How Many People Will Get Covid-19?
As a member of the editorial board of Significance, I’ve been very pleased by the rapid work from statisticians to help the magazine arrive at a guide for understanding statistics about Covid-19. One of our offerings is a list of definitions, key points, and best practices for talking about this pandemic responsibly.
As HRDAG’s executive director, I’m even more pleased by my own colleagues’ lightning-speed work to contribute to Significance’s guide. Today, the magazine published two articles that add depth and knowledge to the many discussions circling the pandemic.
Tarak Shah, our data scientist, wrote “How many people are infected with Covid-19?,” in which he discusses current, reliable research by three different teams, one of which is our own HRDAG team composed of James Johndrow, Kristian Lum, and Patrick Ball. From Tarak’s article: “We’ve seen three different studies that touch on the question of how many people are infected. Perkins and Johndrow both rely on existing research about the fatality rate of Covid-19 and the observed number of deaths to get to an estimate of the total number of infections. Verity et al., for whom the fatality rate is itself the quantity they want to estimate, rely on some key assumptions about susceptibility for different age groups in order to estimate rates of under-reporting, and thus arrive at the total size of the infected population. These papers also reveal how researchers evaluate the quality of data as it relates to their research question. The authors of Johndrow rely heavily on observed deaths by Covid-19 because they believe that data is more complete than numbers of positive Covid-19 tests. Verity et al. rely on the Wuhan repatriation data, one of the few instances where the entirety of a susceptible population was tested, for information about asymptomatic cases.”

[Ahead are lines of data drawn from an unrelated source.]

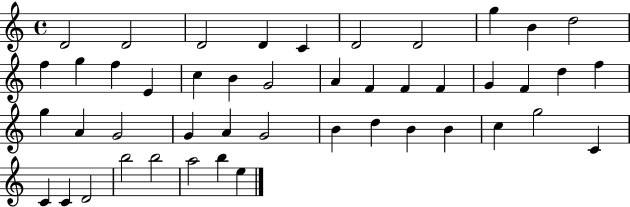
{
  \clef treble
  \time 4/4
  \defaultTimeSignature
  \key c \major
  d'2 d'2 | d'2 d'4 c'4 | d'2 d'2 | g''4 b'4 d''2 | \break f''4 g''4 f''4 e'4 | c''4 b'4 g'2 | a'4 f'4 f'4 f'4 | g'4 f'4 d''4 f''4 | \break g''4 a'4 g'2 | g'4 a'4 g'2 | b'4 d''4 b'4 b'4 | c''4 g''2 c'4 | \break c'4 c'4 d'2 | b''2 b''2 | a''2 b''4 e''4 | \bar "|."
}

The second article, written by our director of research Patrick Ball, is “How do epidemiologists know how many people will get Covid-19?” In this article, Patrick explains the foundation of epidemiological modeling, known as the SIR model, which enables us to estimate the progression, day by day, of the sizes of three sub-populations: those who are Susceptible, Infectious, and Removed. This explainer is especially useful for people who want to logically and responsibly examine and report on the pandemic. From Patrick’s article: “In the long term, we’ll learn which models were best. However, time is too short for more than a tiny number of these models to be subject to formal peer review in time to be relevant. That means it is more important than ever that engaged laypeople (especially journalists) have at least a minimum sense of how to read these essential studies.”
As this crisis continues to unfold, we will continue to generate and illuminate good science in our attempt to answer to the critical questions facing us today and tomorrow.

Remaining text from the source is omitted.